### Assignment
Would you repeat each line below exactly, without the pictures?

————————

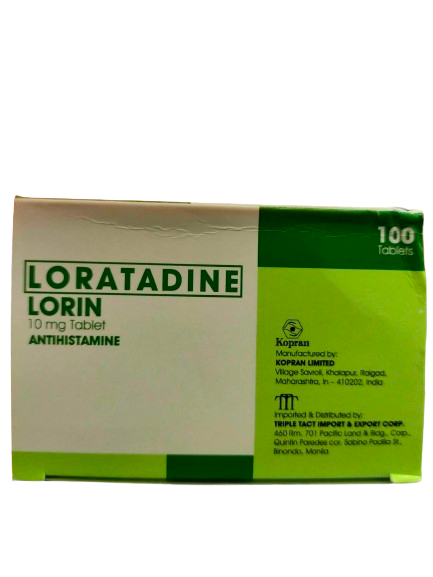 Lorin (Loratadine)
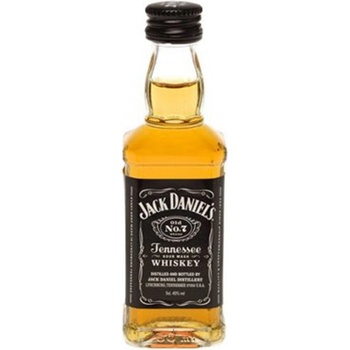 Jack Daniel's 40% 0,05 l (čistá fľaša)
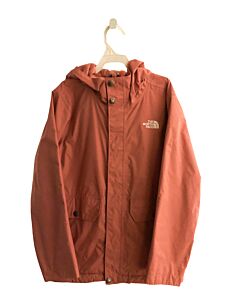 NORTH FACE  PINK    RAINCOAT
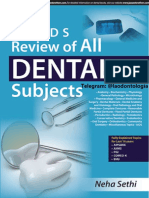 Review of All Dental Subjects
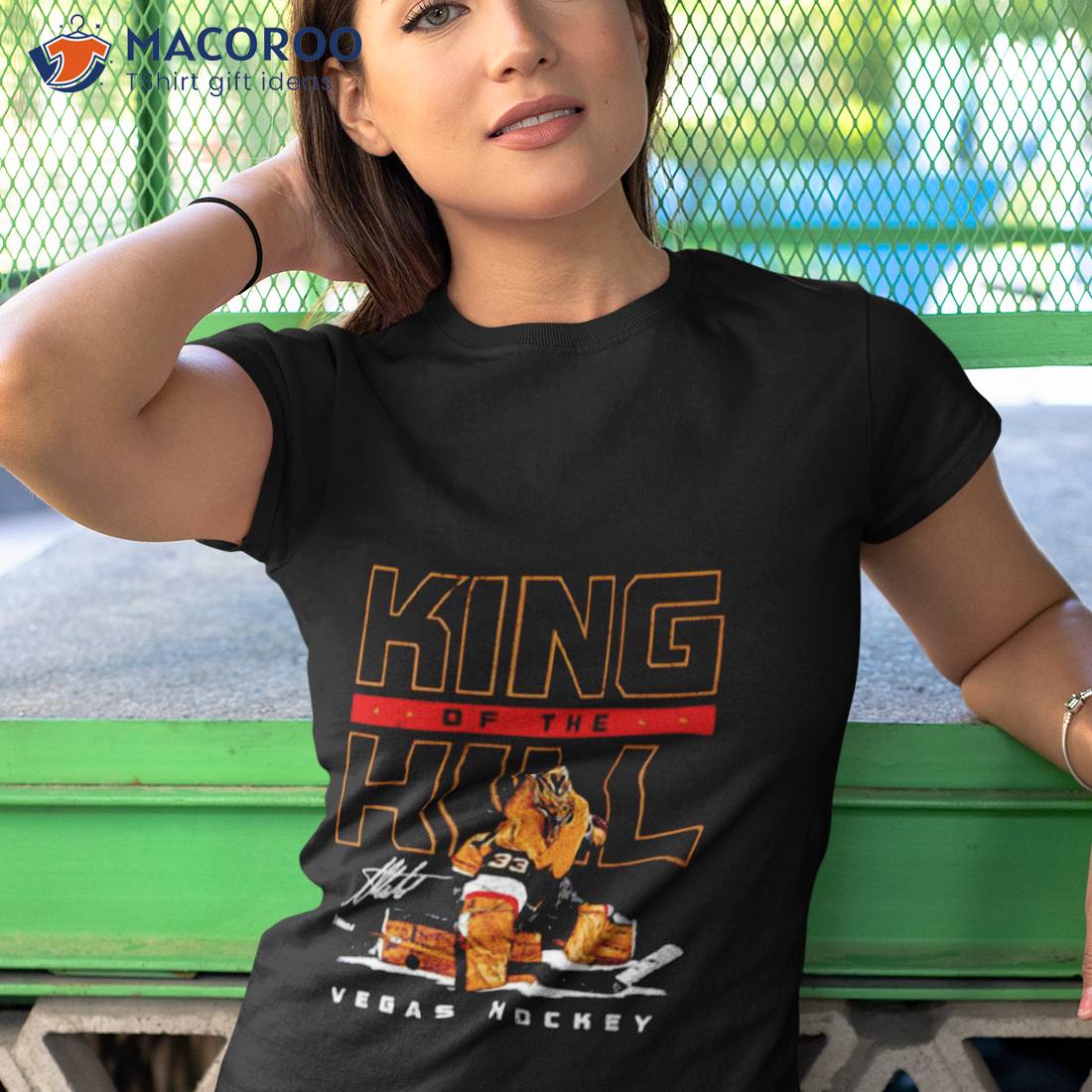 King Of The Hill Adin Hill Vegas Hockey Shirt King Of The Hill Adin Hill Vegas Hockey Shirt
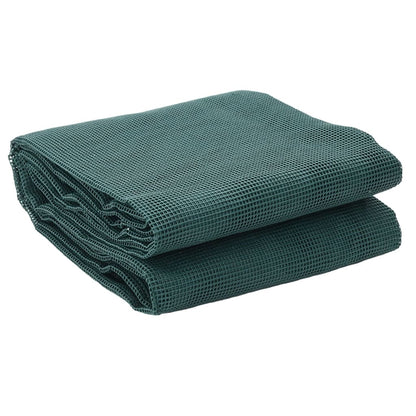 vidaXL Tent Carpet Green 6x3 m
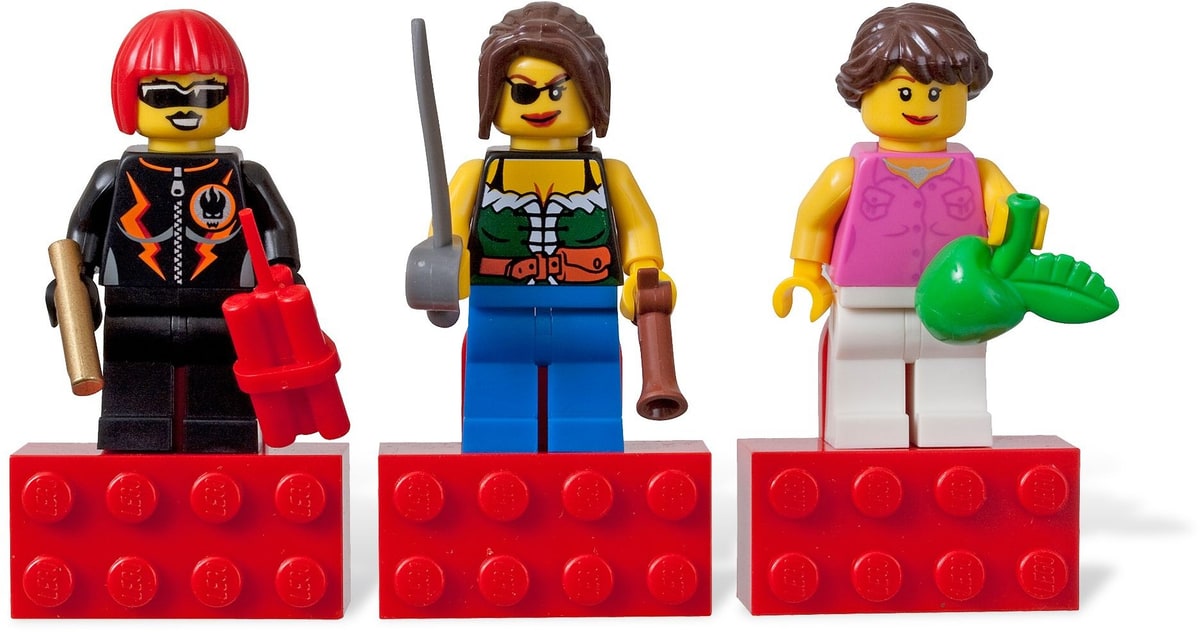 Lego Figurki Female Nie Klejone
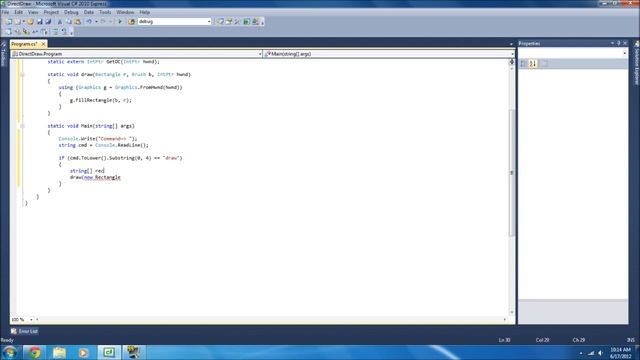 C# Graphics Tutorial - Draw Directly to the Screen with User32.dll смотреть онлайн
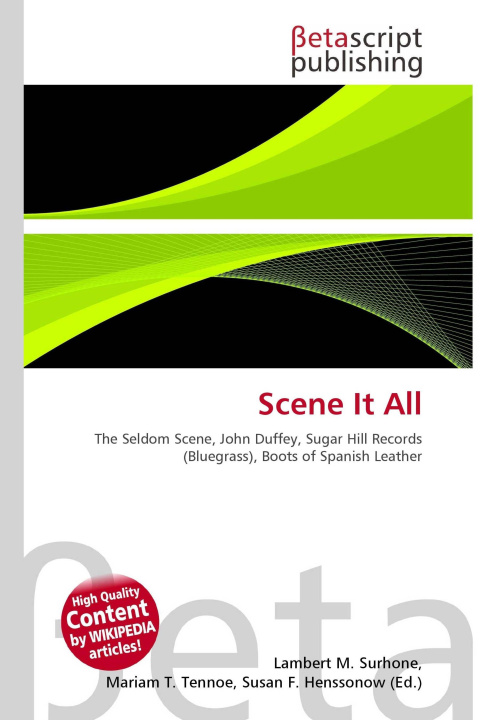 Knjiga Scene It All Mariam T. Tennoe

————————

### Answer to the exercise
 Lorin (Loratadine)
 Jack Daniel's 40% 0,05 l (čistá fľaša)
 NORTH FACE  PINK    RAINCOAT
 Review of All Dental Subjects
 King Of The Hill Adin Hill Vegas Hockey Shirt King Of The Hill Adin Hill Vegas Hockey Shirt
 vidaXL Tent Carpet Green 6x3 m
 Lego Figurki Female Nie Klejone
 C# Graphics Tutorial - Draw Directly to the Screen with User32.dll смотреть онлайн
 Knjiga Scene It All Mariam T. Tennoe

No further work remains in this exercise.